Rock breaking via remote operation
“How might the workflow of a rock breaking operator change when they transition from onsite to remote operation & what system will they utilize?”
MFA: Professional Product
RISE Interactive SE
Interface shows current status of all rock breakers and status of teammates.
Operator operate with a primary partner daily, and the partner is the first point of contact when help is requested.
Contextual inquire in the Arctic Circle
We began with a visit to the Aitik mine in Gällivare to observe and interview the rock breaking operators of Boliden AB. We began with an overview of the mine operation and how rock breaking fits into the overall process, and why exactly is needed. This was followed by observing rock breaking operators performing their task, ending with interviews.
Based on the research we collected we found the three areas we wanted to focus on for this project: Improved vision / visualization, control usability, and team work environment.
Visualization: Moving from onsite to remote operation, how does this affect the ways the operators visualize their tasks?
Usability: Current machines are not intuitive, and changing operating sites require readjustment which reduces efficiency.
Collaboration: Operators works in teams of two and develops strong bond that complements each other.
We mapped out what we learned to better understand the process and how it applies to our focus areas.
In the case of control usability, we build various mockups to test our various proposed solutions. The mockups were used to test intuitiveness, comfort / ergonomics, and complexity with a number of subjects.
Feature #1: Visualization
By using an array of low cost and easily replaceable cameras, we can allows the operator to virtually pan the view around the pit, easily to look at the operation from a various different angle when they need a better look.
Feature #2: Simplification & Usability
1. Aiming assistant
An important part of breaking rocks is where to put the hammer tip on the rock, and be perpendicular to the rock before breaking. We provide visual indicators to show 1) when we are perpendicular to the rock, 2) when the hammer tip is approaching the rock and make contact, and 3) when we begin to hammer the rock.
This allows the operator to have very clear visual indication without straining to see or trying to decipher the sound feedback from microphone.
2. Ghost mode
Mechanical rockbreaker moves slower than human operators. This mechanical latency means that the operators have to constantly wait for the machine to "catch up" before the know they are positioned correctly.
Our proposal is to create a digital silhouette of the rockbreaker that moves as fast as the operators do to provide instant location feedback. This "ghost" can help operators position correctly without annoying pause and adjustments.

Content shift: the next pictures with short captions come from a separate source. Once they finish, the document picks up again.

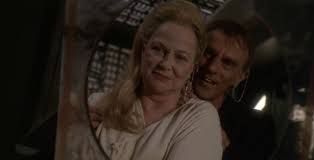 Dukat and Winn embrace in a mirror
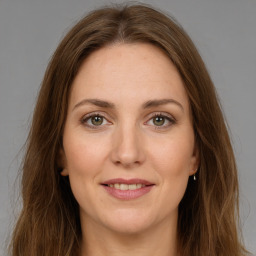 Joyful white young-adult female with long  brown hair and green eyes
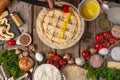 The chef brushing pie with chicken and mushrooms on wooden table with variety of ingredients background. Concept of cooking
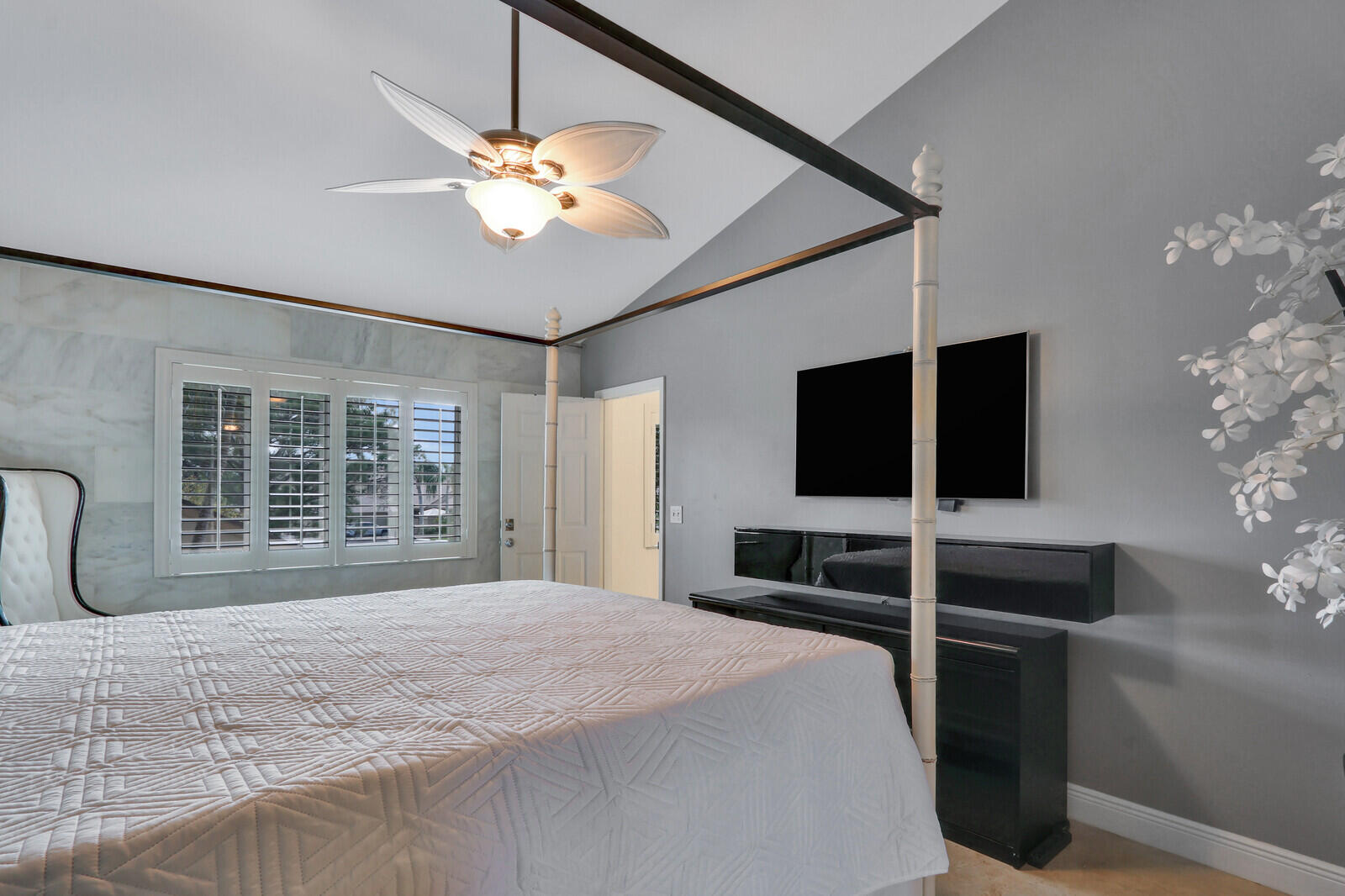6136 Southeast Georgetown Place Hobe Sound, FL 33455 - Photo 27 of 46 a bedroom with a large bed and a window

Our system is semi-autonomous, and the rockbreaker automatically positions itself incorporating boom-tip control. Consolidate controls from two hands to one hand helps to simplify the control and make it more intuitive.
Feature #3: Team-based UI
Despite working remotely, rock breaker operators continue to operate in teams. Each operator is paired with a teammate, their primary partner, each day. When they need help, their primary partner is the go-to person for the day. This maintains a tight knit team that is currently working well for the current in-person, onsite setup.
For the final concept, we arrived at multi-screen solution below: Infrared view to detect the presence of other humans or animals for safety. The central view consisted of the integration of the visual assistant modes we came up with, and a multi-camera display to monitor the surrounding areas for safety, again for intrusion. The desktop display is for team communication and assist, and finally a single multi-axis joystick for the actual operation of the breaker arm.